[Work request]: Would you reproduce the whole listing exactly, minus its images?

[Given information]:
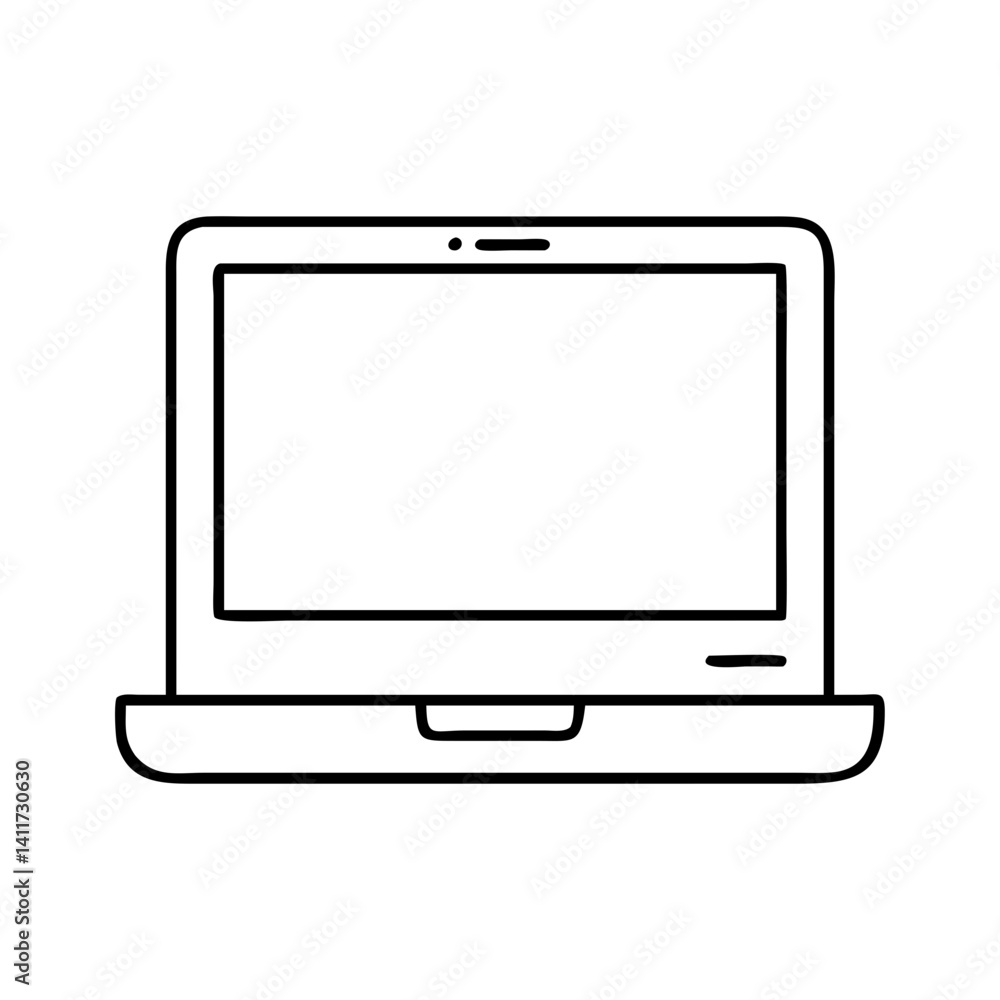 Simple Line Drawing of a Modern Laptop Computer Technology Device Simple Line Drawing of a Modern Laptop Computer Technology Device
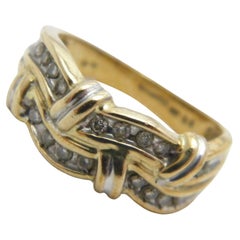 Vintage 9ct Gold Heavy Diamond Wave Statement Ring Size N1/2 7 375 Purity 0.25ct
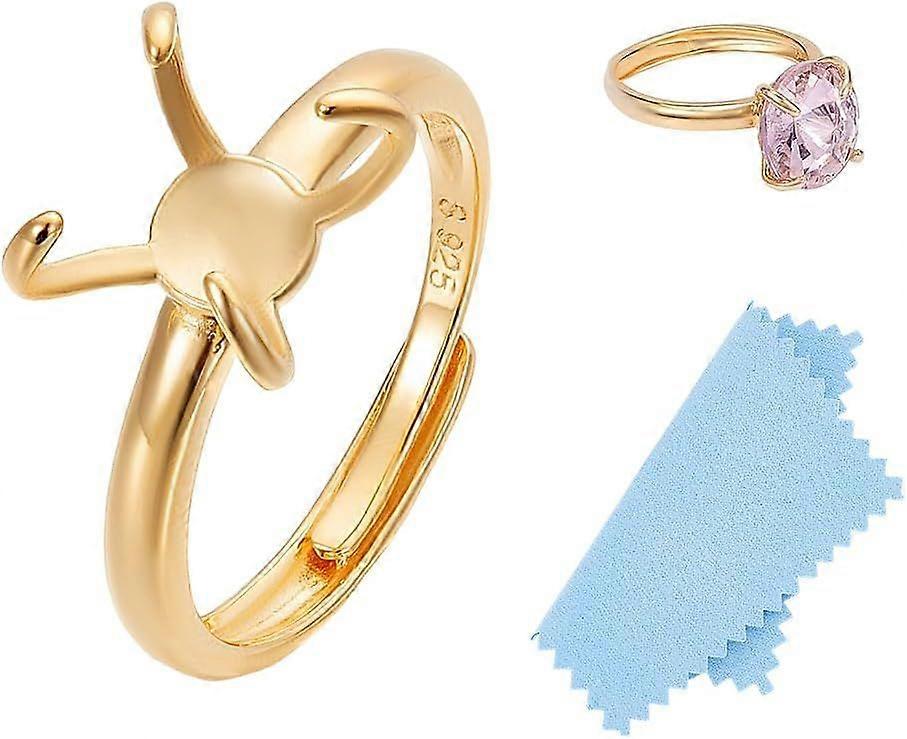 1Pc 925 Sterling Silver Claw Prong Ring Blank 4 Claws Ring Base Finger Ring Components Adjustable Ring Base Findings Golden Prong Ring Settings for Cr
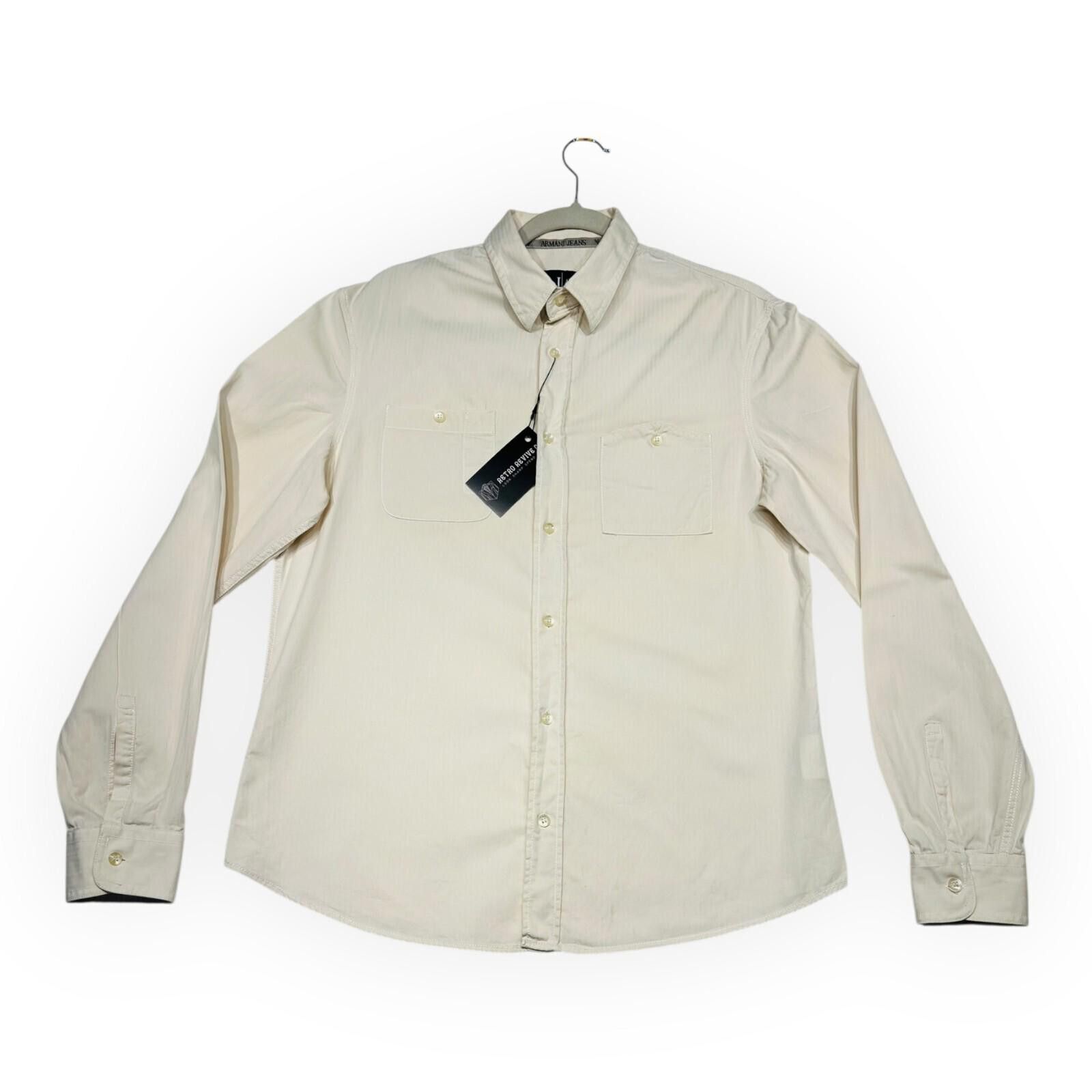 Other Armani Jeans Shirt Men's UK Size L Beige Plain Long Sleeve Size 42R - 2 Thumbnail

[Your response]:
 Simple Line Drawing of a Modern Laptop Computer Technology Device Simple Line Drawing of a Modern Laptop Computer Technology Device
 Vintage 9ct Gold Heavy Diamond Wave Statement Ring Size N1/2 7 375 Purity 0.25ct
 1Pc 925 Sterling Silver Claw Prong Ring Blank 4 Claws Ring Base Finger Ring Components Adjustable Ring Base Findings Golden Prong Ring Settings for Cr
 Other Armani Jeans Shirt Men's UK Size L Beige Plain Long Sleeve Size 42R - 2 Thumbnail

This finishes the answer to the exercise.